I cannot, I must not, I will not!

Oral contraceptives do horrific damage to a woman's body, and should we call this health-care? Abortion destroys human life and is it reasonable or intelligent for us to call that healthcare?

I cannot, I must not, I will not!

The president proposed a compromise that would allow insurance companies to pay for the contraceptives rather than the church institution. My question, what if I belong to a church institution that is self-insured? I would then be required to pay for this.

I cannot, I must not, I will not!

What if I'm a Catholic business person who is required by my government to provide insurance that violates my conscience?

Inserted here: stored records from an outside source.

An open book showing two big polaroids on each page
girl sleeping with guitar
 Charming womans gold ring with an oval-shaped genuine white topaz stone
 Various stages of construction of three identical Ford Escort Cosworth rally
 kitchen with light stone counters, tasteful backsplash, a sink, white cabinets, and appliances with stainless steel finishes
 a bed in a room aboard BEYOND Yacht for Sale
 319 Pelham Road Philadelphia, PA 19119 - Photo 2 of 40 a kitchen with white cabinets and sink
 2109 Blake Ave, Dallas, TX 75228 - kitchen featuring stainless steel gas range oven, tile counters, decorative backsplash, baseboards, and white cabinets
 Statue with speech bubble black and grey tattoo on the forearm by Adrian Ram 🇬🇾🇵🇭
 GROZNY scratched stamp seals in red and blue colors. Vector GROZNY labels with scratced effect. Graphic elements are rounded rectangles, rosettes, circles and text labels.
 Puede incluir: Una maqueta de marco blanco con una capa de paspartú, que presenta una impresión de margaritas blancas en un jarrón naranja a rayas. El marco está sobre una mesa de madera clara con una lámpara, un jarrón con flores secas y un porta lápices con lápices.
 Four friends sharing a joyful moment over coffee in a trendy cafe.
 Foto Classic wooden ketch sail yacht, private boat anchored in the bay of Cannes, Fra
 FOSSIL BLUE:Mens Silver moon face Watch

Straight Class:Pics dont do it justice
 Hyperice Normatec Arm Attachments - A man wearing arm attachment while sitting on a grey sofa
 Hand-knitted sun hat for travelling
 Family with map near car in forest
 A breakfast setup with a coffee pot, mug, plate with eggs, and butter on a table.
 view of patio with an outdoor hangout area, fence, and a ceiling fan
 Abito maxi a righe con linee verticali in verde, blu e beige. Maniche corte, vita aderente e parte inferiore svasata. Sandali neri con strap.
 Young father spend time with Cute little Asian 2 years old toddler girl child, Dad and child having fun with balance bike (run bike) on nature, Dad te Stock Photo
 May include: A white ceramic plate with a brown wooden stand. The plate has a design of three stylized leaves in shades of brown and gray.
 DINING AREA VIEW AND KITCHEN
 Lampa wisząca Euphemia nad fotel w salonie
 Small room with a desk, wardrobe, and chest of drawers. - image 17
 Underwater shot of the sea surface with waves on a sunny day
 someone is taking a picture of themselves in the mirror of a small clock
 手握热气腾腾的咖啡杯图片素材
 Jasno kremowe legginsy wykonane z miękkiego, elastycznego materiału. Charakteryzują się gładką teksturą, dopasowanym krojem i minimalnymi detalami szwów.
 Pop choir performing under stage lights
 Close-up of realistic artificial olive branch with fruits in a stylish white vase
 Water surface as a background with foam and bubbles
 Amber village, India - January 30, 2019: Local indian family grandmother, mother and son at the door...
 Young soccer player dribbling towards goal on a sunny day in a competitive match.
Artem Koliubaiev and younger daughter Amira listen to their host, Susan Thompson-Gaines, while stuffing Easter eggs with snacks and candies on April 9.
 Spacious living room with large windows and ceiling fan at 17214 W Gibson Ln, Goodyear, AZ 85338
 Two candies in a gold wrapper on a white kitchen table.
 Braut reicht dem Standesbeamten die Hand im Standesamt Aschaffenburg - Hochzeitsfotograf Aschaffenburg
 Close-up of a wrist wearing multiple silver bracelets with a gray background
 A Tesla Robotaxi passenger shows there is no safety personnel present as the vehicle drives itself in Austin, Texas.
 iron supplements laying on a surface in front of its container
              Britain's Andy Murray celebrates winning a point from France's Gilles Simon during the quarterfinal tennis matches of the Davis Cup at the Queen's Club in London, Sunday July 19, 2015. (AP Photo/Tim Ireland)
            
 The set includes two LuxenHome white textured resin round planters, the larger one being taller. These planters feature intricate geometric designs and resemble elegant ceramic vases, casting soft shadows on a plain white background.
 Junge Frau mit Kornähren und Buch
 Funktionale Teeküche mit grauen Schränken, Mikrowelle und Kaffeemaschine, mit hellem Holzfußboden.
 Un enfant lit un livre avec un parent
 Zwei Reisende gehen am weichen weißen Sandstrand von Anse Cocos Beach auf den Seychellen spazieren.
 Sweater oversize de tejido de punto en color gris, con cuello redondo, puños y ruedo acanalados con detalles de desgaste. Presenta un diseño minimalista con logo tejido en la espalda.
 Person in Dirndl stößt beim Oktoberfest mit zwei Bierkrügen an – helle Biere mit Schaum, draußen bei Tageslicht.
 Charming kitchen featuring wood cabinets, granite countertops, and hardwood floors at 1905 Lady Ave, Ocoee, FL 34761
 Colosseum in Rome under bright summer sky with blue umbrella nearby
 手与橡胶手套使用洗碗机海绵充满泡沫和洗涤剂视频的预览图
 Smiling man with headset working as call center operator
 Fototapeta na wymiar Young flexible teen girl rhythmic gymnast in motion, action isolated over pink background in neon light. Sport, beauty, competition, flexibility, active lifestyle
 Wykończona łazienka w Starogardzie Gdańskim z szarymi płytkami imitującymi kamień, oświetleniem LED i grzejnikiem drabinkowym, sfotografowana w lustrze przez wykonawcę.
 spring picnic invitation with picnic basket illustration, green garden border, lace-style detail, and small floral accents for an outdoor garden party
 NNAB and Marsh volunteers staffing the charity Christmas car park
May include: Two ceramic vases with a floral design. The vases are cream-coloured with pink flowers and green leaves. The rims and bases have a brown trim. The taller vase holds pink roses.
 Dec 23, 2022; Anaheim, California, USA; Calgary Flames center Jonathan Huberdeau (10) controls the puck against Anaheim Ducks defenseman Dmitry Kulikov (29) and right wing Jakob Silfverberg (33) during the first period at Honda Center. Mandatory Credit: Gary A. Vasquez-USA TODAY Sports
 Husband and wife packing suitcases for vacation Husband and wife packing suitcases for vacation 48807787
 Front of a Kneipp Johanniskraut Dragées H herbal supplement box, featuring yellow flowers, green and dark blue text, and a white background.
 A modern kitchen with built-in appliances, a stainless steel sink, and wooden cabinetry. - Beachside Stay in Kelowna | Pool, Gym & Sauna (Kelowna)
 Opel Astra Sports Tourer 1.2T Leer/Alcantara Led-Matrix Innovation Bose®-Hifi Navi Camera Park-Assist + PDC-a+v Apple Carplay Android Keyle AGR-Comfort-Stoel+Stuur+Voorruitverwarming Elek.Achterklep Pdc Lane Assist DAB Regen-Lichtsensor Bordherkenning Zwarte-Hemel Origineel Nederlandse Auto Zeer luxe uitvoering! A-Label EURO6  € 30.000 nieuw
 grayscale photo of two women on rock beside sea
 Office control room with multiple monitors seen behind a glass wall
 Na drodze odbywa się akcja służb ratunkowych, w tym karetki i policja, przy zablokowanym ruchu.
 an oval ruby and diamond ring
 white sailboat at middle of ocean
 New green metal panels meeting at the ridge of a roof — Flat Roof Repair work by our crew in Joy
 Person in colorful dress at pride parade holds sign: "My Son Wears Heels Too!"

I cannot, I must not, I will not!

What will it be next and who will it be next? The New Mexico Court of Appeals has ruled that it is illegal for a photography business owned by Christians to refuse to photograph a same-sex wedding ceremony even though New Mexico law does not permit same-sex marriage. What will they say next? Will they say that it is illegal for me to refuse to do a same-sex marriage. Would we as Catholics allow the state to change one of our sacraments.

I cannot, I must not, I will not!

Saint Gaspar del Bufalo spent four years in prison for his profession of faith. We must pray too, that we have the strength to be firm in our faith.

We are not imposing our values on anyone. The government has dictated that employees at Catholic institutions are provided with free contraception, and that is the imposition on our faith and on our conscience. The government doesn't want so much to advance the cause of women's health, but rather, they seek to demonize a faith group that has the "audacity of hope," that they might live their faith free from government interference and intrusion.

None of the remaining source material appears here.